Padel is the fastest-growing racket sport on the planet, and Medan — Indonesia's third-largest city — is right at the start of its wave. New courts fill up faster than they can be built, while supply per capita remains far below Jakarta or Bali. If you are weighing the padel court construction cost in Medan as a business plan, this guide breaks down every real number you need: the build budget, the operating economics of the Medan market, the hidden costs specific to North Sumatra, and an illustrative payback period for a single court versus a full 4-court club.
Contents
Why padel is booming in Medan Padel court construction cost breakdown Medan operating economics & revenue per court Hidden costs in Medan How a recovery zone raises retention Illustrative payback & ROI
Why padel is booming in Medan and beats classic tennis on ROI
Padel sells differently from tennis, and that is the whole investment thesis. A tennis court is almost always a two-player booking on a large footprint. A padel court is enclosed in glass, plays four players at once, and the social, low-barrier nature of the game means courts get booked in tight back-to-back sessions all evening. The result: more revenue squeezed from a smaller piece of land.
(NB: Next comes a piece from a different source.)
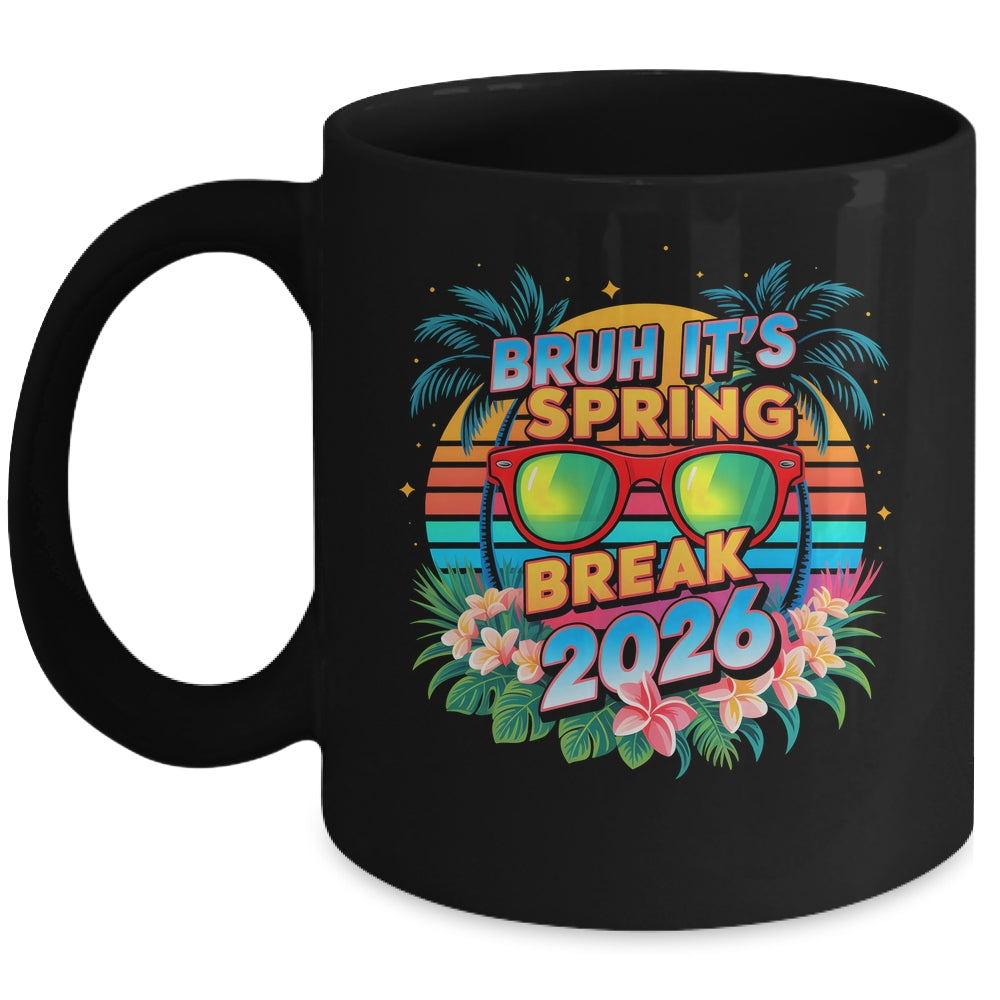 Bruh Spring Break 2026 Vacation Retro Family Friends Trip Mug | siriusteestore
For a padel club investment in Medan, the demand picture in 2026 is exceptional for a different reason than Jakarta: scarcity. The city's business community, young professionals around Polonia and the Ring Road corridor, and university crowds in Medan Baru are discovering the sport faster than courts are being built. Early movers can still "own" an entire district. When you can fill prime-time slots reliably, a padel court generates stronger revenue per square metre and a faster payback than a comparable tennis facility — which is exactly why operators are choosing to build a padel court in Medan now, before the market matures.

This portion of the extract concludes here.